Chondroblastic Osteosarcoma
Synonyms: Osteosarcoma, chondroblastic variant
Chondroblastic variant may resemble chondrosarcoma - osteoid must be identified
Quick Facts
Behaviour
Malignant
Category
Bone
Grade
High
Synonyms
- Osteosarcoma
- chondroblastic variant
Category
Bone
Behaviour
Malignant
Grade
High
Gender
Male
Tissue of Origin
Bone
Epidemiology
- Second most common subtype of conventional osteosarcoma (25%)
- Peak incidence 2nd decade
- Male predominance
- Same demographics as conventional osteosarcoma
Clinical Features
- Pain and swelling at affected site
- Pathological fracture in 10%
- Decreased range of motion of adjacent joint
- Mass effect on surrounding structures
Location
- Metaphysis of long Bones
- Distal femur most common
- Proximal tibia, proximal humerus
- Axial skeleton in older patients
Imaging
- Mixed lytic-sclerotic lesion with aggressive periosteal reaction
- Predominantly chondroid matrix (rings and arcs, popcorn mineralisation)
- Cortical destruction and soft tissue mass
- MRI: heterogeneous signal with cartilaginous lobules
Pathology
- High-grade sarcomatous stroma with abundant Malignant Cartilage
- Osteoid production by tumour cells (required for diagnosis)
- Nuclear pleomorphism and High mitotic activity
- Areas of necrosis common after chemotherapy
Genetics
- Complex karyotype
- TP53 mutations
- RB1 alterations
- CDK4 and MDM2 amplification in some cases
Treatment
- Neoadjuvant chemotherapy (MAP: methotrexate, doxorubicin, cisplatin)

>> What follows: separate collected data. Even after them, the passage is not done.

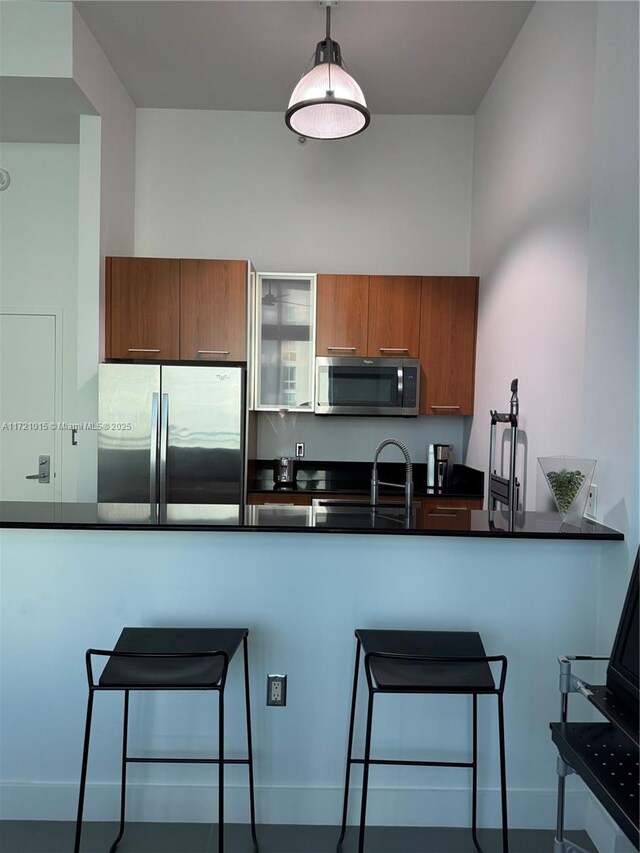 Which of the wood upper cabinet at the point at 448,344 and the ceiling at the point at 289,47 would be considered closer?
the ceiling at the point at 289,47

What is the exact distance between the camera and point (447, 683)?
5.43ft

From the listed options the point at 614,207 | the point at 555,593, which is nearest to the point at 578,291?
the point at 614,207

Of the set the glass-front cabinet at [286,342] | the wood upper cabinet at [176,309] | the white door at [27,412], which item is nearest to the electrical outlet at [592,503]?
the glass-front cabinet at [286,342]

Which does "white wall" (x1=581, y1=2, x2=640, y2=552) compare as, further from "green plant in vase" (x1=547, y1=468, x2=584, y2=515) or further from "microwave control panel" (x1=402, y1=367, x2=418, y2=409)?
"microwave control panel" (x1=402, y1=367, x2=418, y2=409)

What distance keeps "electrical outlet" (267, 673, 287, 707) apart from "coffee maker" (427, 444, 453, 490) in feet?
7.18

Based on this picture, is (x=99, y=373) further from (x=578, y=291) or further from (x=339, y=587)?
(x=578, y=291)

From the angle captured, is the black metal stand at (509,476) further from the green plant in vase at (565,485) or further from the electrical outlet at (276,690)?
the electrical outlet at (276,690)

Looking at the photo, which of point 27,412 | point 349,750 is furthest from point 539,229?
point 27,412

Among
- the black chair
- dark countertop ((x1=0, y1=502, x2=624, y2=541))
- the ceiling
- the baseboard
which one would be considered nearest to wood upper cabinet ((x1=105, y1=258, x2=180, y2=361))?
the ceiling

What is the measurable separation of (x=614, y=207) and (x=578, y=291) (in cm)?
36

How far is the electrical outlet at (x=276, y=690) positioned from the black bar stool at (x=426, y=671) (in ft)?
0.88

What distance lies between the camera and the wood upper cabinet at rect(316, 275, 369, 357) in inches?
154

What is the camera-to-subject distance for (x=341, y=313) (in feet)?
12.8

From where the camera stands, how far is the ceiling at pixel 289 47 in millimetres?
2967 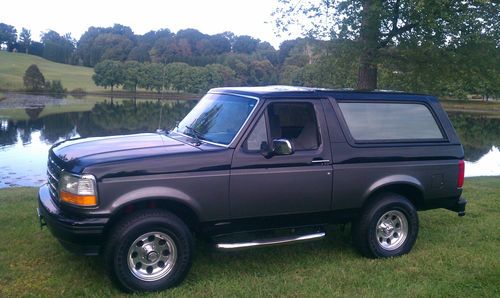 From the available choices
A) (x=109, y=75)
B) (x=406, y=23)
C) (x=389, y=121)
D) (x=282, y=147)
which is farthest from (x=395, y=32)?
(x=109, y=75)

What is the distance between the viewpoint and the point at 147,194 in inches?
183

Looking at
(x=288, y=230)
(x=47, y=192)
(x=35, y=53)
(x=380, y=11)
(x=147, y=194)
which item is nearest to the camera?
(x=147, y=194)

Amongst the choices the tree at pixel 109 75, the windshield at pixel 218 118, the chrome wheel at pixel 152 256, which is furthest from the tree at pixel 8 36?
the chrome wheel at pixel 152 256

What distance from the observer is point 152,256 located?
191 inches

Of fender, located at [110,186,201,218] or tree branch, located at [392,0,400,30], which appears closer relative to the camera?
fender, located at [110,186,201,218]

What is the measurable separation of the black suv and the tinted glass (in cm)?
2

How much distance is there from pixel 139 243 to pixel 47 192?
131 cm

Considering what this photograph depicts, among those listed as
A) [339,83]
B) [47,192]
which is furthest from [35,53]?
[47,192]

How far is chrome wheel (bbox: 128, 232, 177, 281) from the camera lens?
15.7 feet

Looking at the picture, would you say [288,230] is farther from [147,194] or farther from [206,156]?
[147,194]

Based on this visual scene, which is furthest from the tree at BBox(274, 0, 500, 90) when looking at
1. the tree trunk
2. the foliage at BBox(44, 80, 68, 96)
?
the foliage at BBox(44, 80, 68, 96)

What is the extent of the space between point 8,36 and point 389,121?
146m

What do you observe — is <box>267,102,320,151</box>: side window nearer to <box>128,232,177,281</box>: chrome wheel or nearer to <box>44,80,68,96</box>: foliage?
<box>128,232,177,281</box>: chrome wheel

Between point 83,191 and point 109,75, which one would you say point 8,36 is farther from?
point 83,191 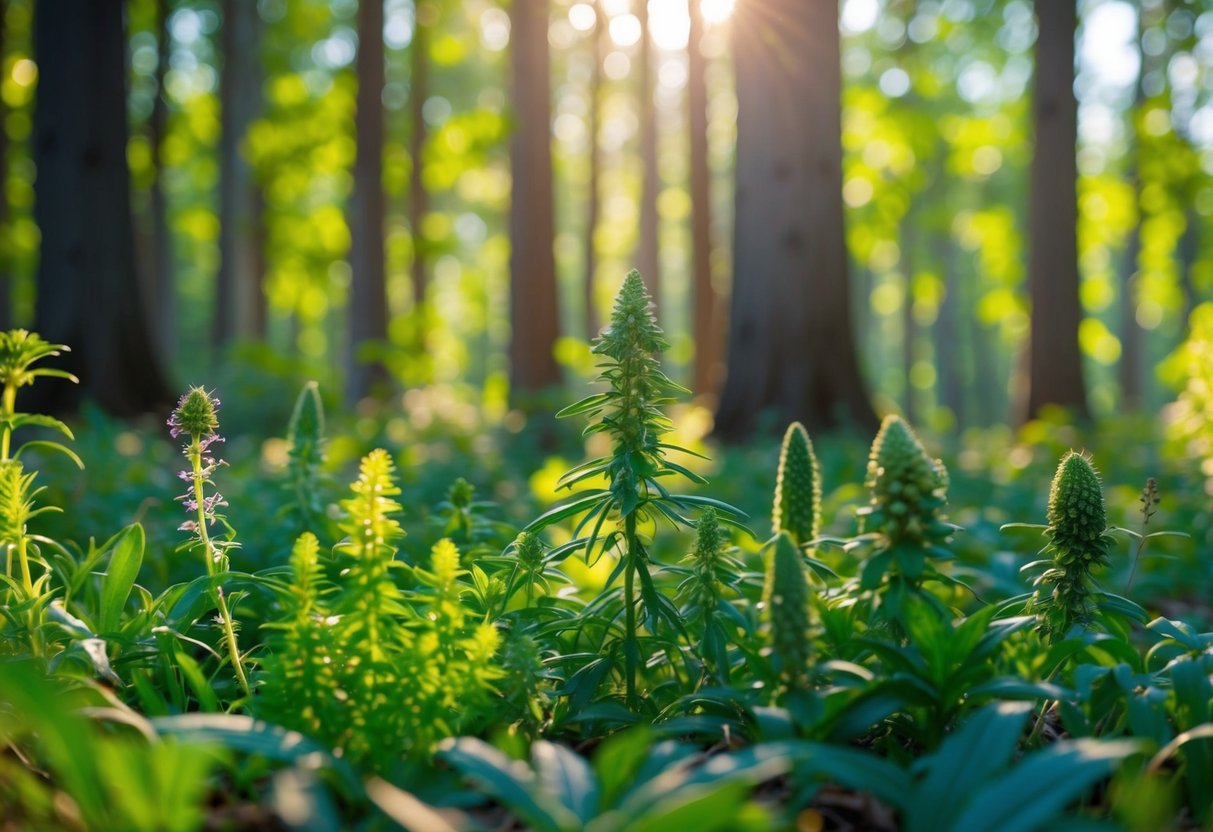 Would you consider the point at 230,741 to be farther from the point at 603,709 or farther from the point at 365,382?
the point at 365,382

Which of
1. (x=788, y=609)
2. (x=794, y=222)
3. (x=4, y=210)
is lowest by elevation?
(x=788, y=609)

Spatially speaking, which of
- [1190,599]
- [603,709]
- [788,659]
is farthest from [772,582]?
[1190,599]

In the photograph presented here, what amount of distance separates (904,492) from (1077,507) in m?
0.50

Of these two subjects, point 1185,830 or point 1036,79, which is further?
point 1036,79

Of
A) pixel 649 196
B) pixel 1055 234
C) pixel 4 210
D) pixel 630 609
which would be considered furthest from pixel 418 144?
pixel 630 609

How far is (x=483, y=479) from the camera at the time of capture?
6781mm

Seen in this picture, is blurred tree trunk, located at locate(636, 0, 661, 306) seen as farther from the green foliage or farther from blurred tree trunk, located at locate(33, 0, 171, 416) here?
the green foliage

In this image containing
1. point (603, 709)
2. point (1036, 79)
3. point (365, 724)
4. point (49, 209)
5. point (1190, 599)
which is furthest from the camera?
point (1036, 79)

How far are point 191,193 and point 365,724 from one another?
3655 cm

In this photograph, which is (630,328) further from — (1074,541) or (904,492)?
(1074,541)

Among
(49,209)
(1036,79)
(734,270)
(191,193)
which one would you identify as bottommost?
(734,270)

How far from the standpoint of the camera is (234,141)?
17.2 m

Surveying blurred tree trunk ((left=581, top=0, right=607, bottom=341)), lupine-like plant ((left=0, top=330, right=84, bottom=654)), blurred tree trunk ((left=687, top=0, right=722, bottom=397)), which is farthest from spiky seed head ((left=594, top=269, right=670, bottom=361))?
blurred tree trunk ((left=581, top=0, right=607, bottom=341))

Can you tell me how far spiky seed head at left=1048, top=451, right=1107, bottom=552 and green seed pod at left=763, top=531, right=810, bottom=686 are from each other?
2.23 ft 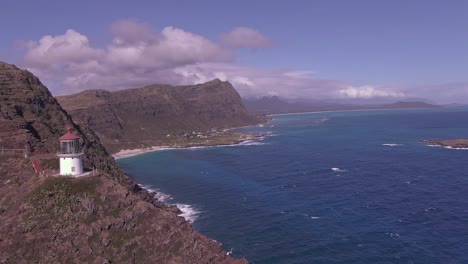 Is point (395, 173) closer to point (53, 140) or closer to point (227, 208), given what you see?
point (227, 208)

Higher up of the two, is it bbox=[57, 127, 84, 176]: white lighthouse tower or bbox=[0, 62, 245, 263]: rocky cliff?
bbox=[57, 127, 84, 176]: white lighthouse tower

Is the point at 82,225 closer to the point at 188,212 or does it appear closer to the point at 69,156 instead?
the point at 69,156

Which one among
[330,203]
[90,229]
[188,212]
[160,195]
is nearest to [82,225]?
[90,229]

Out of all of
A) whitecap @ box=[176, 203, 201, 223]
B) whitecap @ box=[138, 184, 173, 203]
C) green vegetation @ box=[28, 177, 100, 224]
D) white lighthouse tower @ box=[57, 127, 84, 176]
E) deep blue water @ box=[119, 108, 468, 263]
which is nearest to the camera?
green vegetation @ box=[28, 177, 100, 224]

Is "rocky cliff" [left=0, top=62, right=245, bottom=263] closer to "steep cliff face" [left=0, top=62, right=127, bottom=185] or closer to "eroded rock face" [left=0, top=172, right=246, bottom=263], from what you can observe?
"eroded rock face" [left=0, top=172, right=246, bottom=263]

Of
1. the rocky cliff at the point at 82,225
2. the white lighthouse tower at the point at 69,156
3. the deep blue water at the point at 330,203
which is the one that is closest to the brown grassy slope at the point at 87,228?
the rocky cliff at the point at 82,225

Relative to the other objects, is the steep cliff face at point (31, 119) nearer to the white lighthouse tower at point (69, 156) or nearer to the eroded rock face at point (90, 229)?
the white lighthouse tower at point (69, 156)

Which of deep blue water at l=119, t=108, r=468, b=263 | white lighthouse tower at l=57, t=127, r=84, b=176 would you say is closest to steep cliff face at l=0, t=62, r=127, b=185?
white lighthouse tower at l=57, t=127, r=84, b=176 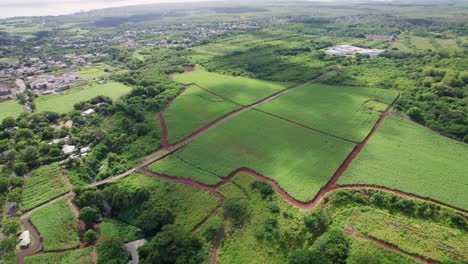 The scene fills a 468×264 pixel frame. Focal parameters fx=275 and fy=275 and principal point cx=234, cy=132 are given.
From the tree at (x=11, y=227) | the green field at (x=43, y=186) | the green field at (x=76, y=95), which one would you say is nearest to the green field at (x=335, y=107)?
the green field at (x=43, y=186)

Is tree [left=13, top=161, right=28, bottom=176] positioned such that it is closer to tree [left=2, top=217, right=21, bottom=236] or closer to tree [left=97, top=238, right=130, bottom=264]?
tree [left=2, top=217, right=21, bottom=236]

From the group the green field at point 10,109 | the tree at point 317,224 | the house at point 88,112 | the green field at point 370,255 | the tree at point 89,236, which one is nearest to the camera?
the green field at point 370,255

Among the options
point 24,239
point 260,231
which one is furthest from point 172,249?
point 24,239

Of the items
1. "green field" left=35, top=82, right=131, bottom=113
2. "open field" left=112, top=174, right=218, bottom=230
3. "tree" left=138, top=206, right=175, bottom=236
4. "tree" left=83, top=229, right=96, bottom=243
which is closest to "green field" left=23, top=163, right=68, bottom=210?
"open field" left=112, top=174, right=218, bottom=230

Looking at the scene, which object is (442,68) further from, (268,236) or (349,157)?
(268,236)

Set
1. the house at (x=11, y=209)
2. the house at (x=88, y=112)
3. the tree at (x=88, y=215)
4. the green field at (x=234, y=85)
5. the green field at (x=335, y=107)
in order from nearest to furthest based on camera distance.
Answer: the tree at (x=88, y=215), the house at (x=11, y=209), the green field at (x=335, y=107), the house at (x=88, y=112), the green field at (x=234, y=85)

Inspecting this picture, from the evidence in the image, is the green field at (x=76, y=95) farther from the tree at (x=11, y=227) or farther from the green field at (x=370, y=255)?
the green field at (x=370, y=255)

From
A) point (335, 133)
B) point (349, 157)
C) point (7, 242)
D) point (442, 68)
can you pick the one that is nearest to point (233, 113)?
point (335, 133) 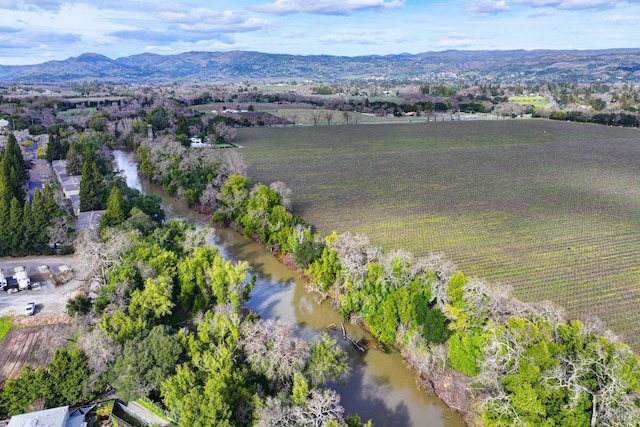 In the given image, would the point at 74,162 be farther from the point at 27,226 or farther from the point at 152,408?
the point at 152,408

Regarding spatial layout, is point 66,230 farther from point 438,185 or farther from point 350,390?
point 438,185

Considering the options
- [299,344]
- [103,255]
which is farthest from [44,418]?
[103,255]

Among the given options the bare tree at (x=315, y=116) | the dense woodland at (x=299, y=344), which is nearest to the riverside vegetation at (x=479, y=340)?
the dense woodland at (x=299, y=344)

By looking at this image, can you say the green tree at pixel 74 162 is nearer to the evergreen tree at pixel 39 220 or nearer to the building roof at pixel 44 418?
the evergreen tree at pixel 39 220

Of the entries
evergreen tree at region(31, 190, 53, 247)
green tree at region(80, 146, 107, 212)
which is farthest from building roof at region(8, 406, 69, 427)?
green tree at region(80, 146, 107, 212)

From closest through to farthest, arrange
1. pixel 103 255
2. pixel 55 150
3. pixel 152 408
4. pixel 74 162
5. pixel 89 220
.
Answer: pixel 152 408 < pixel 103 255 < pixel 89 220 < pixel 74 162 < pixel 55 150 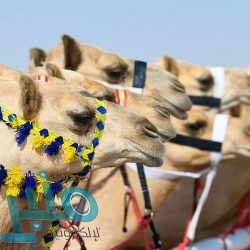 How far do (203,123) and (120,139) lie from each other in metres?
2.00

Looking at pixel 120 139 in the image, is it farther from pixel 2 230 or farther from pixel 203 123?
pixel 203 123

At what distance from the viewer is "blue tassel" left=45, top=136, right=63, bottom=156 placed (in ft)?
6.79

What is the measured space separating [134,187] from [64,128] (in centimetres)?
160

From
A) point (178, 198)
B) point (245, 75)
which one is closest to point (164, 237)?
point (178, 198)

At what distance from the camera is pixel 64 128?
212 cm

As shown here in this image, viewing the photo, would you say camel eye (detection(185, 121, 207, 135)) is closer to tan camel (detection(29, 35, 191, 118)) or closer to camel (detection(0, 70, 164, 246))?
tan camel (detection(29, 35, 191, 118))

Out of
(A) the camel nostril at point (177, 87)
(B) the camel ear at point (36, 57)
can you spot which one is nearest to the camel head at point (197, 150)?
(A) the camel nostril at point (177, 87)

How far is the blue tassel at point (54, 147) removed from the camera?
2.07 metres

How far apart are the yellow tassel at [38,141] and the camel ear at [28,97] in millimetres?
67

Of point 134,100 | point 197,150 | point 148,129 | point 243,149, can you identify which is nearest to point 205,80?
point 243,149

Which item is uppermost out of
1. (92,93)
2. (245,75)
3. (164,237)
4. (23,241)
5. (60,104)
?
(60,104)

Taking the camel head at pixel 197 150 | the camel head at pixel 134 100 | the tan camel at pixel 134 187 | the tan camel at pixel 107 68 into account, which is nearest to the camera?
the camel head at pixel 134 100

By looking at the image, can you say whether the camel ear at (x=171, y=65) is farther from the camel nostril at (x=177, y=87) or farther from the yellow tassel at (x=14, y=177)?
the yellow tassel at (x=14, y=177)

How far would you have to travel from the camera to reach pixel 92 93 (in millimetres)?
2734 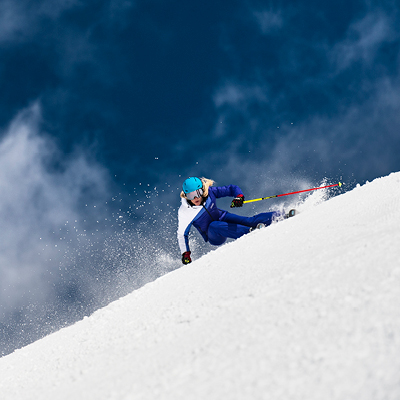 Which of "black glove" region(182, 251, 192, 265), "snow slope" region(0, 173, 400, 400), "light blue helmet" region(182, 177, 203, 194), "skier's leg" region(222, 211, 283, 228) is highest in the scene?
"light blue helmet" region(182, 177, 203, 194)

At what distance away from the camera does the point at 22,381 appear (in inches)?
143

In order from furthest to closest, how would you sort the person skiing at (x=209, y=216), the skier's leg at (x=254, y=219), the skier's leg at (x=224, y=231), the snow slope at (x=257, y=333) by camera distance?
the skier's leg at (x=224, y=231) < the person skiing at (x=209, y=216) < the skier's leg at (x=254, y=219) < the snow slope at (x=257, y=333)

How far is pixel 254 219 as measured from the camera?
8.14m

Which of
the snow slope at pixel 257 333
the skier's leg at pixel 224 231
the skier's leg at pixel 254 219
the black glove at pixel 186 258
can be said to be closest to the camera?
the snow slope at pixel 257 333

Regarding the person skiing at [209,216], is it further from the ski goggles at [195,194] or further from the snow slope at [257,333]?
the snow slope at [257,333]

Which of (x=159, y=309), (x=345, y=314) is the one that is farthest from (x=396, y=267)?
(x=159, y=309)

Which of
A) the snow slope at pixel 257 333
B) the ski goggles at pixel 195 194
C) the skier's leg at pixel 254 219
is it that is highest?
the ski goggles at pixel 195 194

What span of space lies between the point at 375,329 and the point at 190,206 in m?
6.42

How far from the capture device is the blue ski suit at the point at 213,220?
8352 millimetres

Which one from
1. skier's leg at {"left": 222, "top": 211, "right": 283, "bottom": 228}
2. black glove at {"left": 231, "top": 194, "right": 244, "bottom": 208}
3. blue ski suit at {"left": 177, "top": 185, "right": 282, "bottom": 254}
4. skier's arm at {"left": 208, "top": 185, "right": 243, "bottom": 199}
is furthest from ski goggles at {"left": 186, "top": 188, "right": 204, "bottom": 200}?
skier's leg at {"left": 222, "top": 211, "right": 283, "bottom": 228}

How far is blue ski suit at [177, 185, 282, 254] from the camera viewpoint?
8.35 metres

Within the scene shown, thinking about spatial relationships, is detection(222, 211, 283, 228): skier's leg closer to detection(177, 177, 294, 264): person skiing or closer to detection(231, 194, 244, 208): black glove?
detection(177, 177, 294, 264): person skiing

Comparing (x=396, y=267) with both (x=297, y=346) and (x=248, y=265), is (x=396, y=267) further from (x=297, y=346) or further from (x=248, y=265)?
(x=248, y=265)

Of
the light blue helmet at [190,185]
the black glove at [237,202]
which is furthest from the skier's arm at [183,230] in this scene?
the black glove at [237,202] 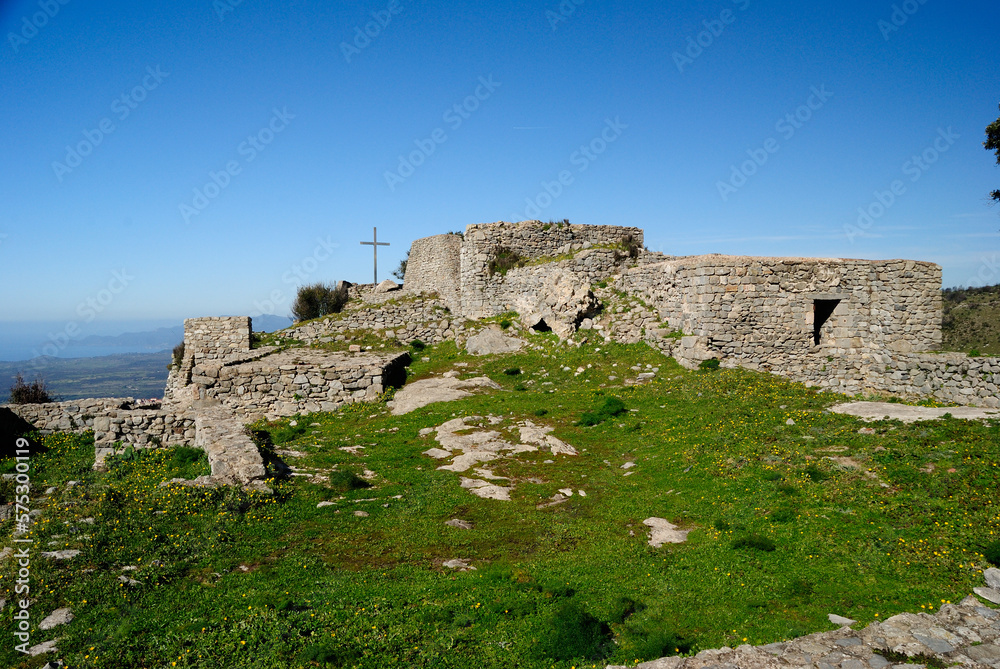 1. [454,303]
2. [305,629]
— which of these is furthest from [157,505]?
[454,303]

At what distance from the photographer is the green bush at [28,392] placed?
27.1 meters

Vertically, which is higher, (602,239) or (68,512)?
(602,239)

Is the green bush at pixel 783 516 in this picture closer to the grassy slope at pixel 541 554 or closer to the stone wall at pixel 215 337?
the grassy slope at pixel 541 554

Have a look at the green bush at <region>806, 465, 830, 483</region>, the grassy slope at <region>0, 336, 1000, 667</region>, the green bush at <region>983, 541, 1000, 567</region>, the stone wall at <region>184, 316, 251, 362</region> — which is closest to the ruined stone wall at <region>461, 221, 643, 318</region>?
the stone wall at <region>184, 316, 251, 362</region>

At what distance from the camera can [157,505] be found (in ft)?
33.3

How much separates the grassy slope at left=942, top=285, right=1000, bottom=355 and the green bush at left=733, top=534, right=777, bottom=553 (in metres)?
31.8

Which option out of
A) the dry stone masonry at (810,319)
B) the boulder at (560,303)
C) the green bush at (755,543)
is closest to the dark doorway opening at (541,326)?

- Wide surgical resection - limb salvage preferred
- Adjuvant chemotherapy based on histological response
- Poor response to chemotherapy more common in chondroblastic variant
Prognosis
- 5-year survival 60–70% for localised disease
- Chondroblastic variant may have slightly worse chemotherapy response
- Pulmonary metastases in 30–40%
- Good histological response (>90% necrosis) associated with better outcome
Key Points
- Chondroblastic variant may resemble chondrosarcoma - osteoid must be identified
- Often shows poorer chemotherapy response than other OS subtypes
- Distinguishing from dedifferentiated chondrosarcoma is critical (different treatment and prognosis)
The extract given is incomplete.